記事

ユニシスポイント1位の平塚哲二「賞金王、狙います」

先週のウッドワンオープン広島で、ツアー通算3勝目。「いま、ゴルフが絶好調だから。この波に乗って今年まだまだ勝てそうです」と、平塚は言った。

その根拠は、数字にもきちんとあらわれている。
平均ストローク、平均パット、パーキープ率、バーディ率、イーグル率。ツアー前半戦を終了し、部門別ランキングの主要5部門でトップ10入りと、安定した成績を残し、総合力を示すユニシスポイントランキングでは、賞金ランクトップの片山を抜いてダントツの1位。

優勝インタビューで公言した、「前回、取り損ねた(2003年2位)賞金王を狙う」とのコメントも真実味を帯びてくる。

プレー中は、誰よりも「熱くなるたち」。
やはり優勝争いを繰り広げた前週のUBS日本ゴルフツアー選手権 宍戸ヒルズ。
大事な場面でミスが続き、自分への苛立ちを抑え切れなかった。
あるホールで無意識に、キャディバッグ目掛けてクラブを投げた。
それが、たまたまテレビに大写しになった。

「あのあと、いろんな方から『態度が悪い』と大変なお叱りを受けました。夢中になると、自分でも知らん間に失礼なことをやってしまうもんで・・・」と、ペコリと頭を下げた。

長男が、生まれたのが昨年10月。
「・・・俺が父親?って、なんだか気恥ずかしくて」と、言葉少なに照れ笑い。
饒舌に語るタイプではない。
適当におべんちゃらを言えるような性格でもない。
愛想を振りまくのも、得意ではない。
それだけに、プレー中の仏頂面に誤解を受けることも多いかもしれない。
しかし、ごく近しい人は「誰よりも暖かくて、優しい心を持っている」(矢野東)と証言する。

親友が優勝間近と聞けば最終日は必ず会場に残って、最後までその瞬間を見守っている。
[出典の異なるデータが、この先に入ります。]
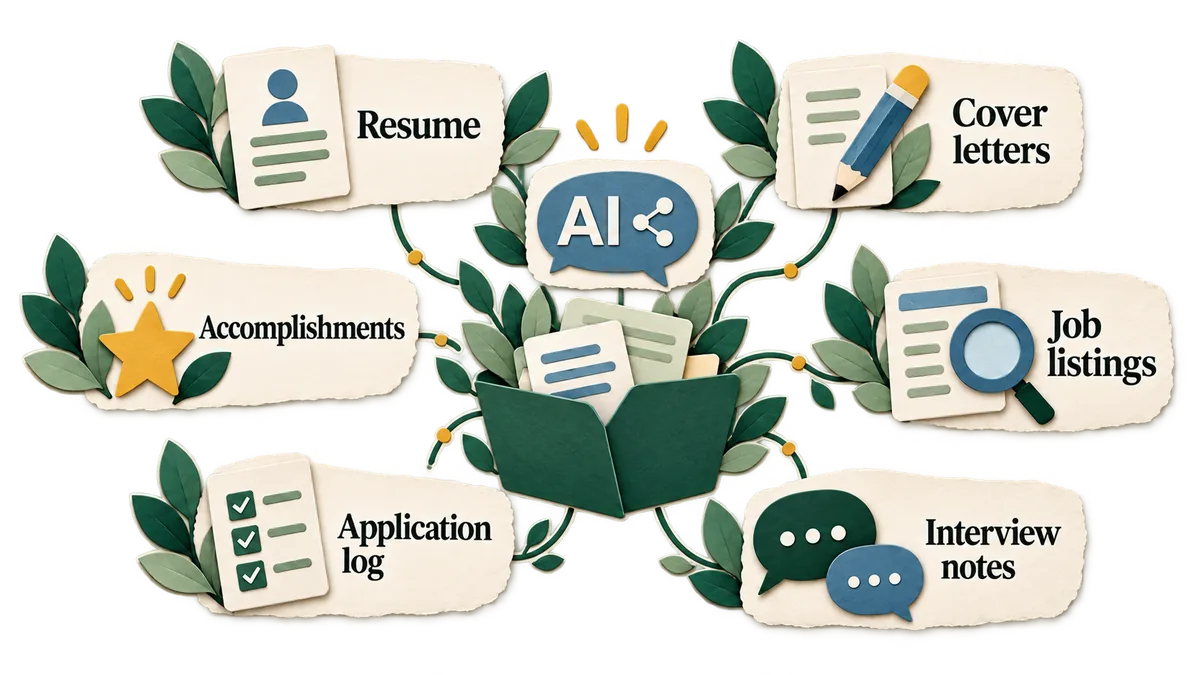 A job-search folder connects an AI assistant to resumes, cover letters, accomplishments, job listings, an application log and interview notes.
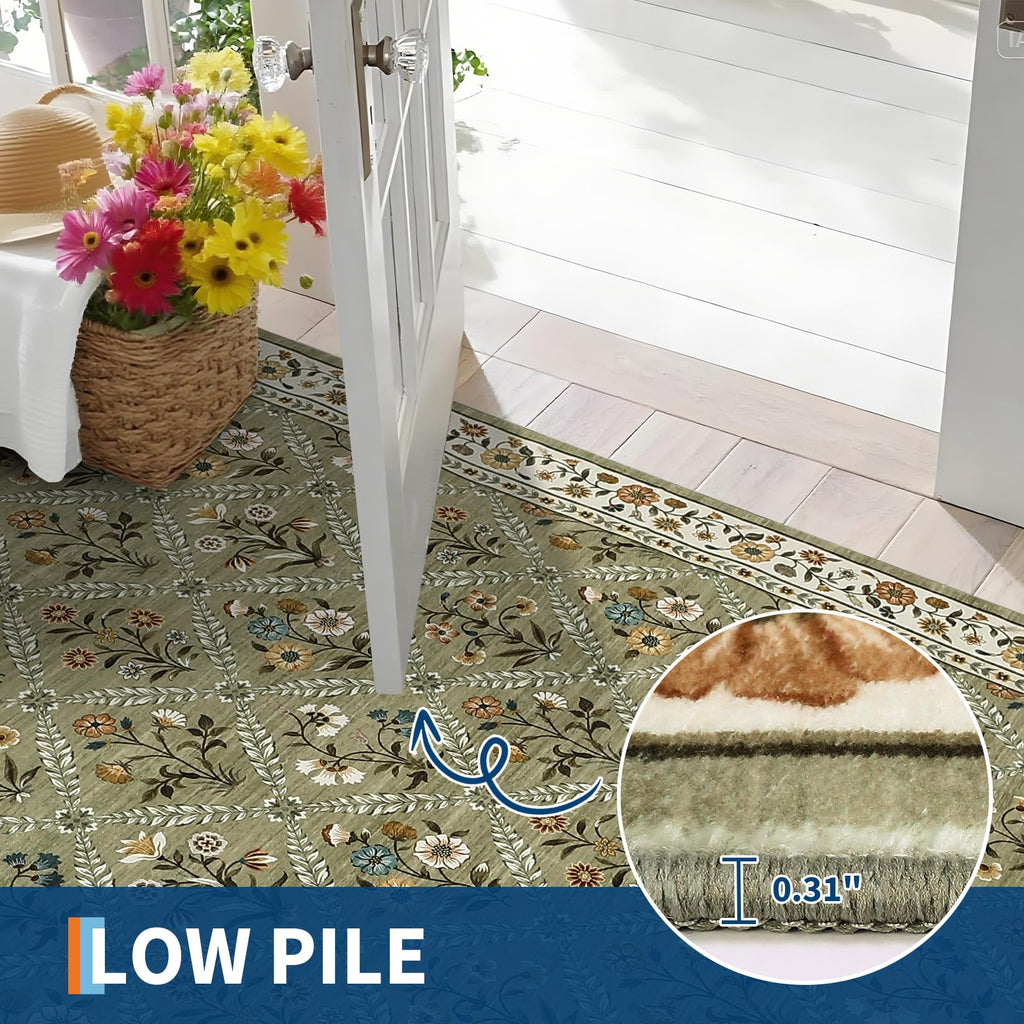 GarveeHome Large Entryway Rug 3x5 Floral Washable Area Rugs Vintage Soft Non-Slip Small Floor Carpet Doormat Stain Resistant Low-Pile Ultra-Thin Entry Mat for Bedside Kitchen Green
祝福の輪に加わる平塚の笑顔がある。
無骨な風貌とは裏腹に、誠実な人柄には信頼も厚い。

それが証拠に、平塚がウィニングパットを決めた瞬間、本人以上に喜びを爆発させたのは、矢野東をはじめ、応援に駆けつけた大勢の仲間たちだった。

やんやの声援を送る彼らに向かって、平塚が勝利の咆哮。
グリーンを降りてくるなり「うぉ〜っ!!」と、吼えた。
それは、「次はお前らやぞ」というチャンピオンからの熱いメッセージ。
仲間たちも、拳を突き上げ「うぉ〜っ!」と応えた。

それは、来週セガサミーカップから再び幕を開けるツアー後半戦も互いにしのぎを削り合い、一丸となって男子ツアーを盛り上げていくという決意の表れだった。

ユニシスポイントランキング
平均ストローク、平均パット、パーキープ率、パーオン率、バーディ率、イーグル率、ドライビングディスタンス、フェアウェーキープ率そしてサンドセーブ率の9つの部門別ランキングをポイント換算し、その合計によって順位を決定するもの。1位者には、シーズン終了直後に開催される『ジャパンゴルフツアー表彰式』で表彰される。
毎年、総合的にもっとも優れた選手のあかしとして受けるこの賞は羨望の的で、「もっとも栄誉ある賞」と言って早くからこの受賞に闘志を燃やす選手もいるほどだ。